- **Extracted records**:

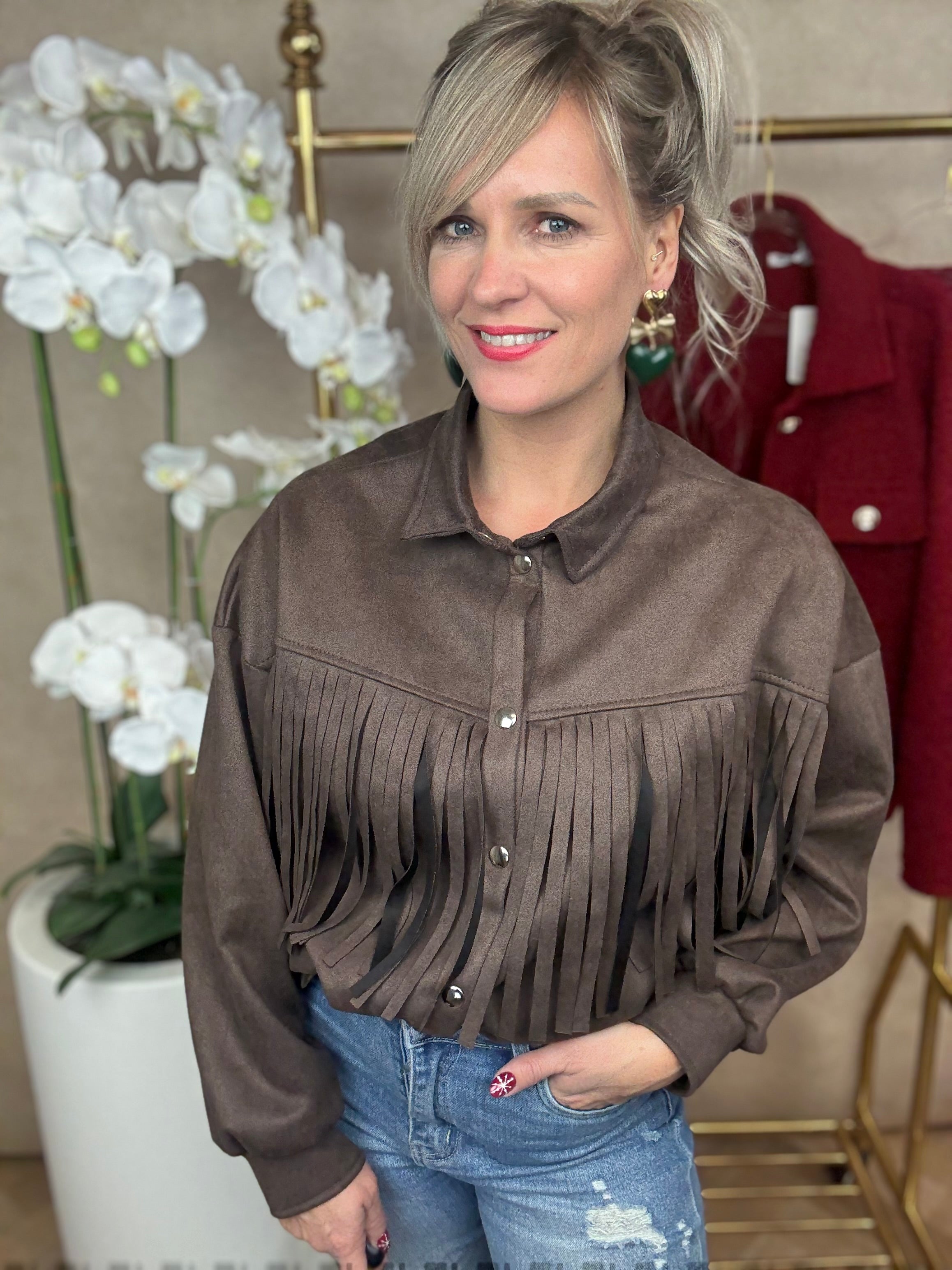 Jasje-Blouse| fringes | Suede-look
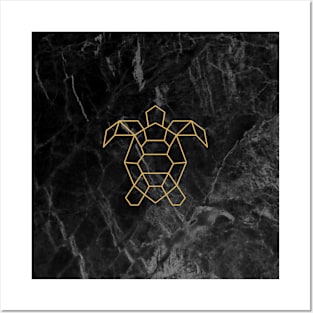 Gold Marble Turtle Posters and Art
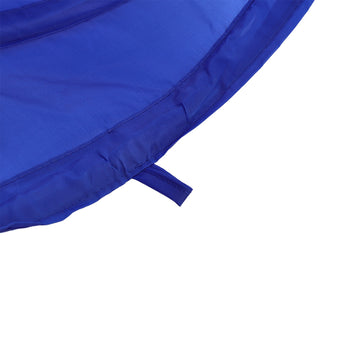 Blue tunnel fabric edge with reinforced seam and small tie strap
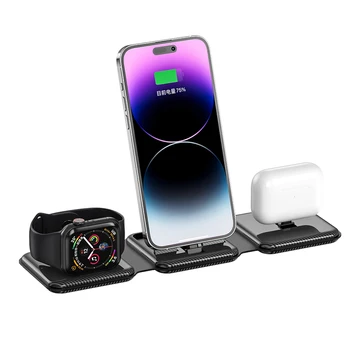 3 in 1 Smart 15W Fast Wireless Charger for iPhone 16/15/14/13 Strong Magnetic Smartwatch Charger 10W for Airpods 2 Made of PC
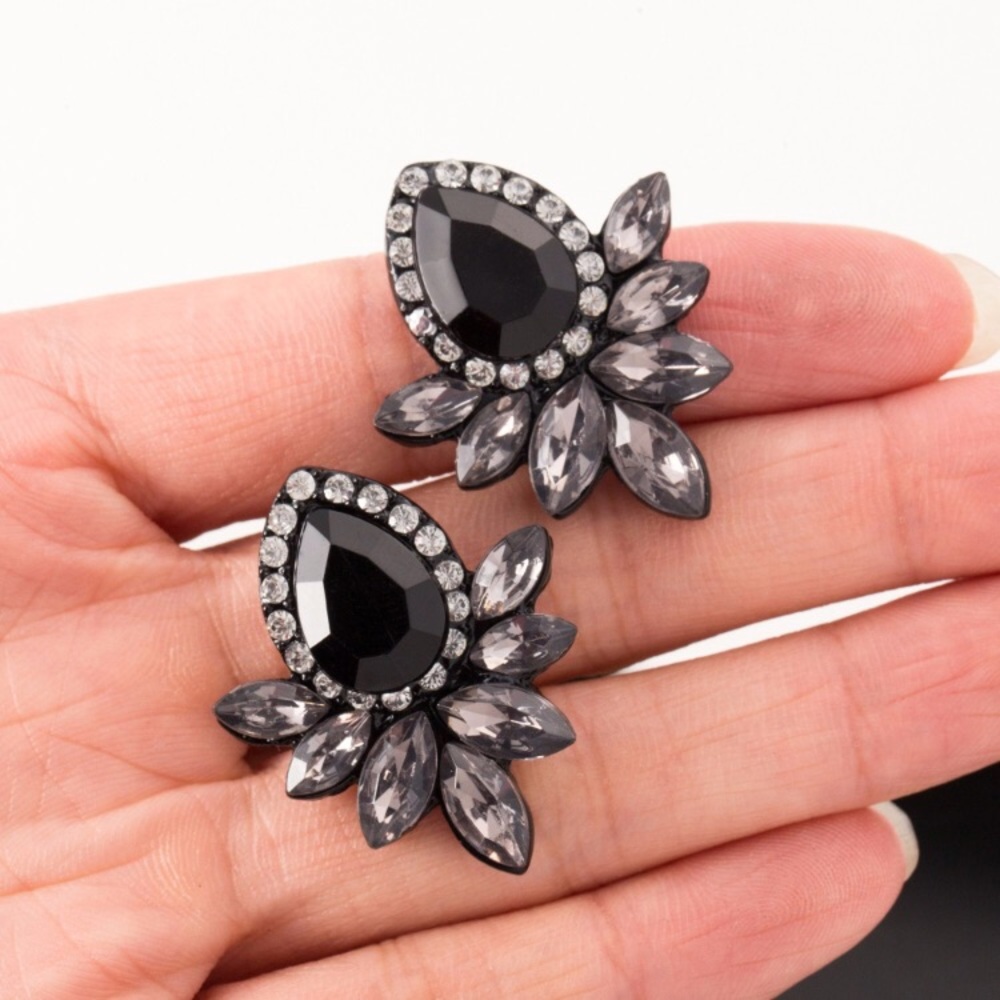 Midnight Black Crystal Earrings
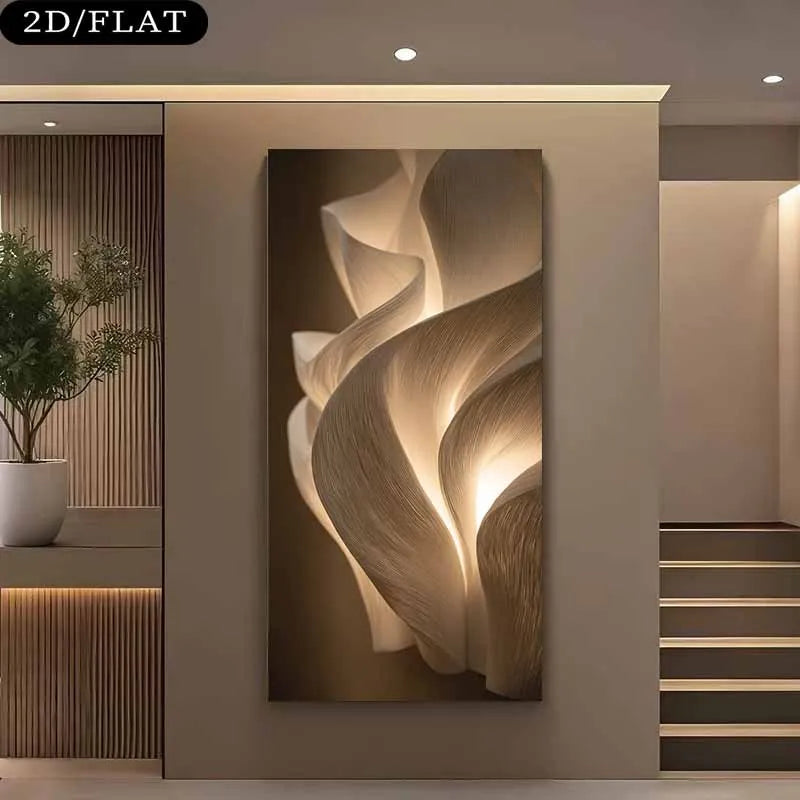 Flowing Beige Brown Golden Organic Abstract Wall Art – Luxury Modern Unframed Canvas Print for Contemporary Neutral Soft Warm Living Room Décor Elegant Minimalist 2D Flat Design Artwork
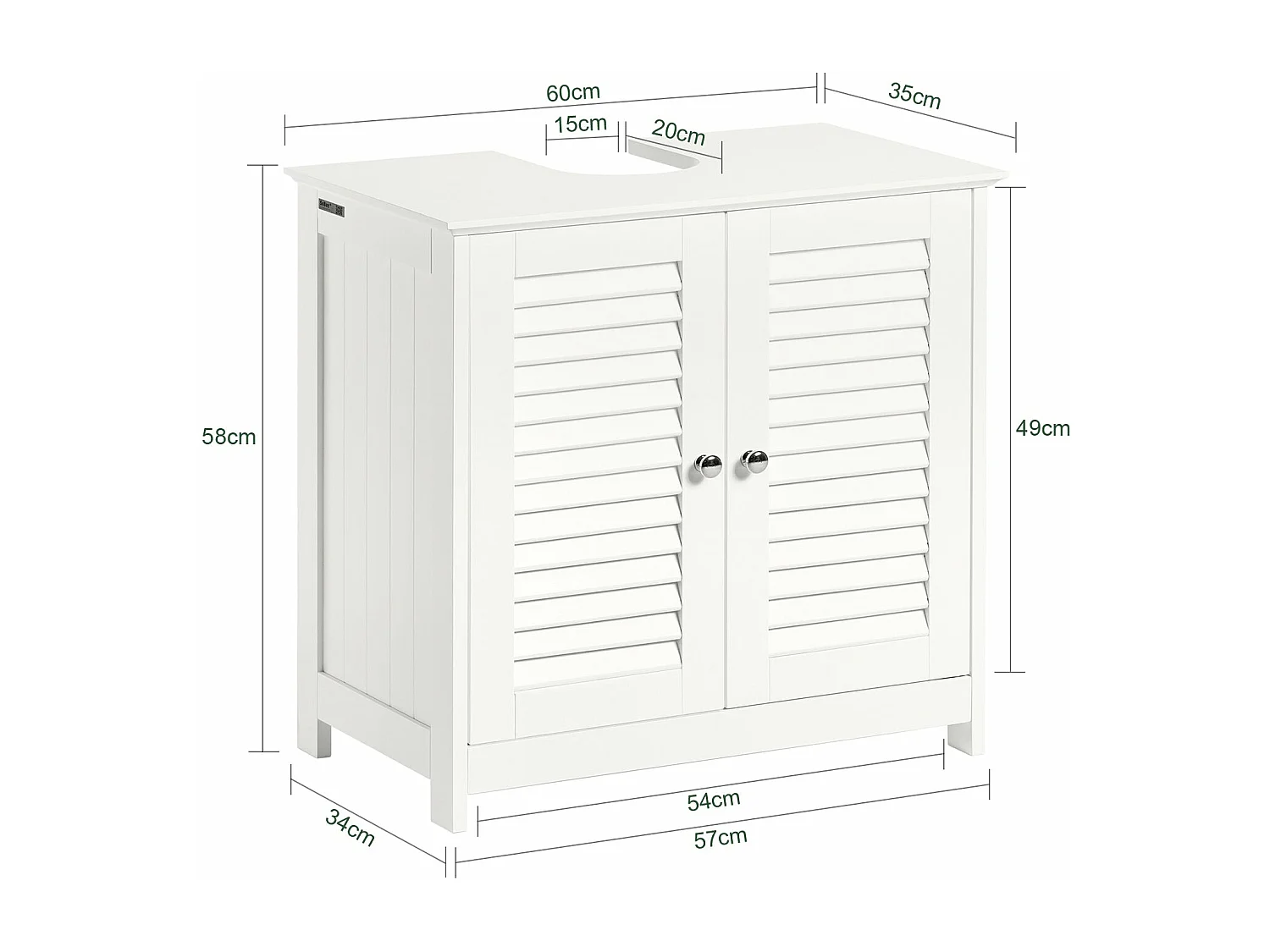 SoBuy Mobiletto Bagno Cassettiera Bagno Armadietto Bagno Mobile Sottolavabo per Bagno Bianco FRG237-W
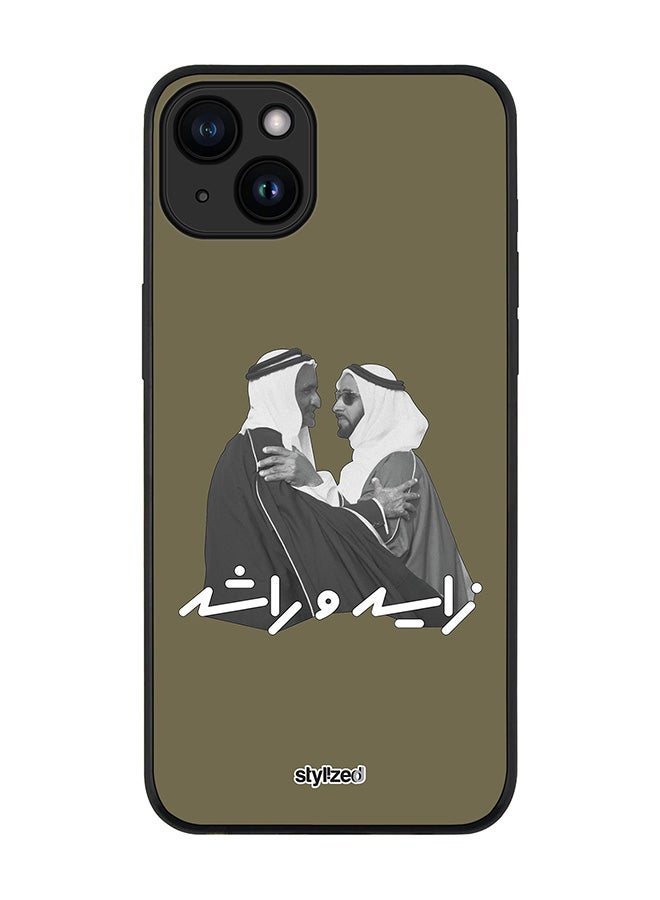 Stylizedd Cover for iPhone 15 Plus Case, Rugged Black Slim fit Soft Flexible Anti Drop TPU Gel Thin Protective Phone Cases- Sheikh Zayed And Sheikh Rashid, Crocodile Green - Image 1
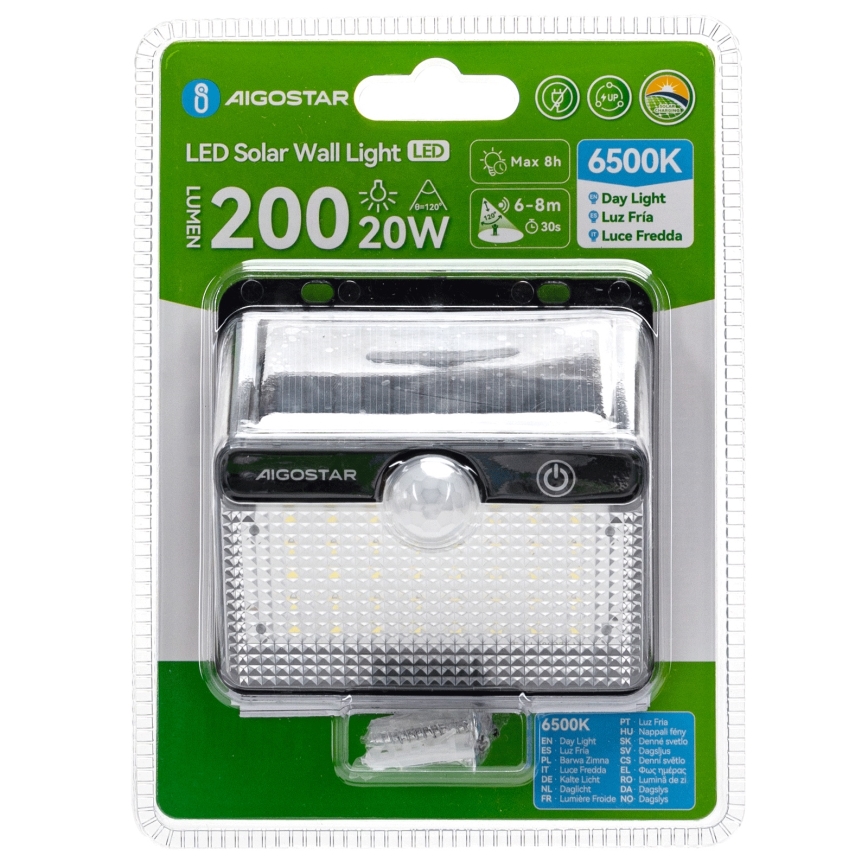 Aigostar - LED Solar Light with Sensor LED/3,7V 6500K 1200 mAh IP65 black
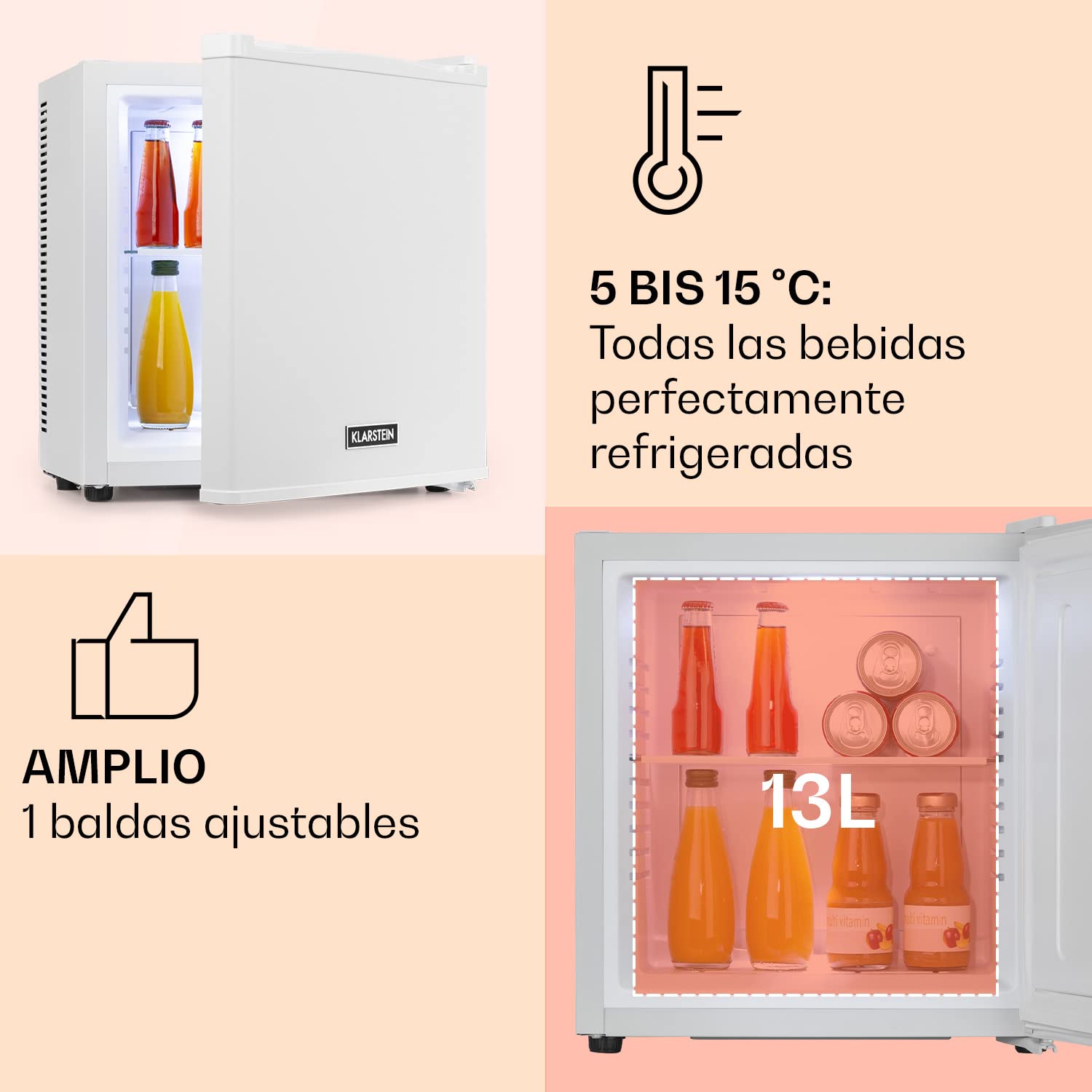 KLARSTEIN Nevera Pequeña para Habitación, Mini Nevera Comida, Bebidas, Cerveza, Cosméticos, Frigirificos Pequeños Casa y Oficina, Neveras Pequeñas 13L Estantes Ajustables, Silenciosa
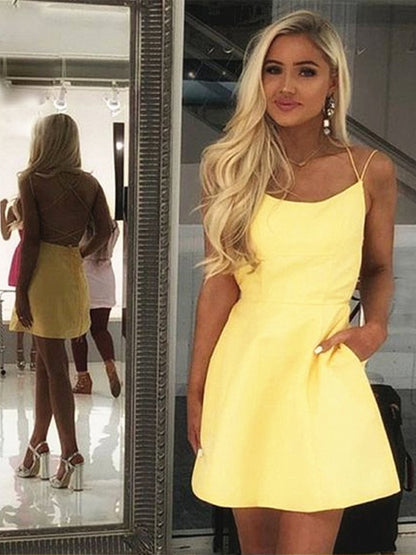 LTP0463,Cute yellow homecoming dresses cross back short prom dress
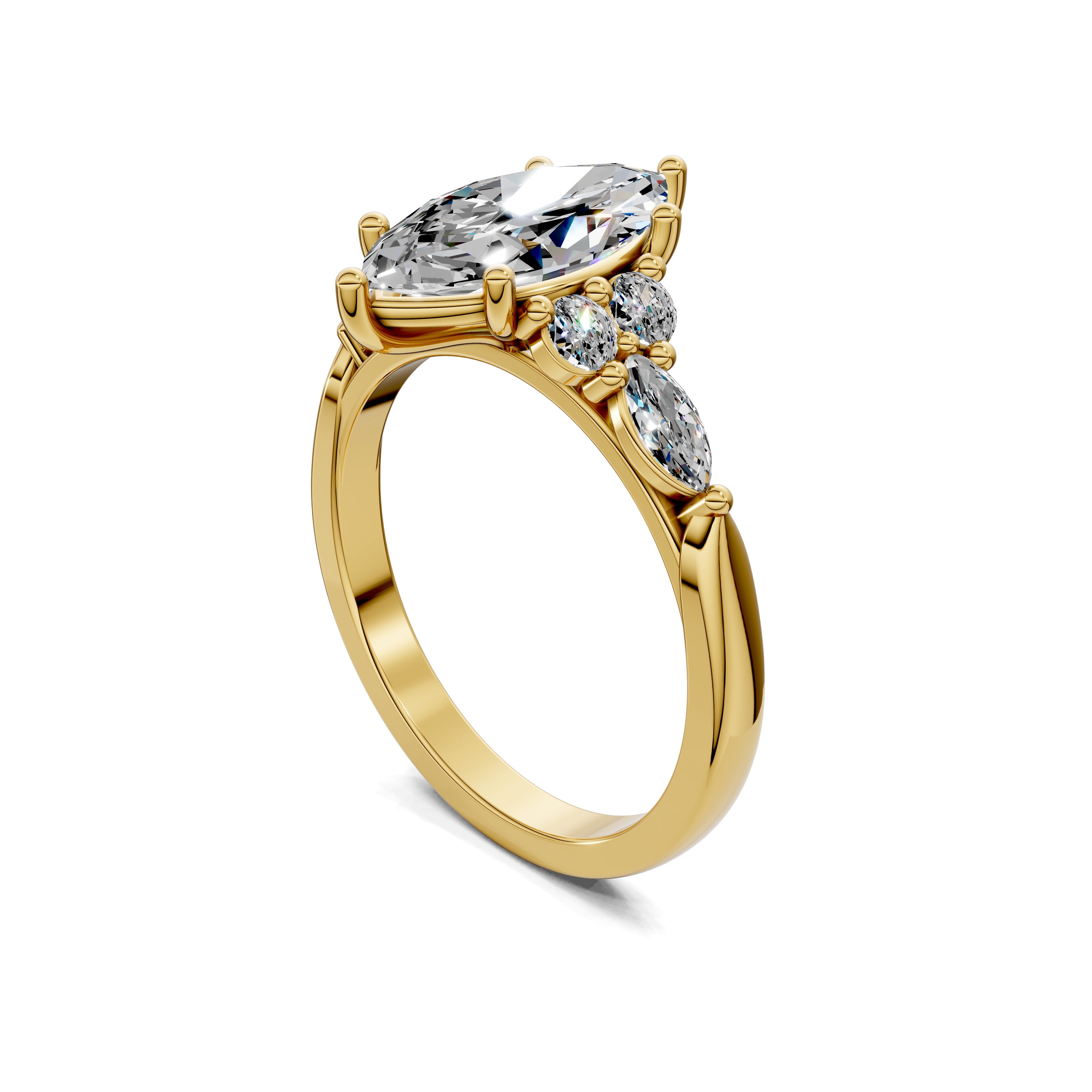 The Lunara Marquise Cluster Ring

- **Task details**: Reproduce the full listing above verbatim, with no pictures included.

- **Problem solution**:
 Jasje-Blouse| fringes | Suede-look
 Gold Marble Turtle Posters and Art
 Blue tunnel fabric edge with reinforced seam and small tie strap
 3 in 1 Smart 15W Fast Wireless Charger for iPhone 16/15/14/13 Strong Magnetic Smartwatch Charger 10W for Airpods 2 Made of PC
 Midnight Black Crystal Earrings
 Flowing Beige Brown Golden Organic Abstract Wall Art – Luxury Modern Unframed Canvas Print for Contemporary Neutral Soft Warm Living Room Décor Elegant Minimalist 2D Flat Design Artwork
 SoBuy Mobiletto Bagno Cassettiera Bagno Armadietto Bagno Mobile Sottolavabo per Bagno Bianco FRG237-W
 Stylizedd Cover for iPhone 15 Plus Case, Rugged Black Slim fit Soft Flexible Anti Drop TPU Gel Thin Protective Phone Cases- Sheikh Zayed And Sheikh Rashid, Crocodile Green - Image 1
 Aigostar - LED Solar Light with Sensor LED/3,7V 6500K 1200 mAh IP65 black
 KLARSTEIN Nevera Pequeña para Habitación, Mini Nevera Comida, Bebidas, Cerveza, Cosméticos, Frigirificos Pequeños Casa y Oficina, Neveras Pequeñas 13L Estantes Ajustables, Silenciosa
 LTP0463,Cute yellow homecoming dresses cross back short prom dress
 The Lunara Marquise Cluster Ring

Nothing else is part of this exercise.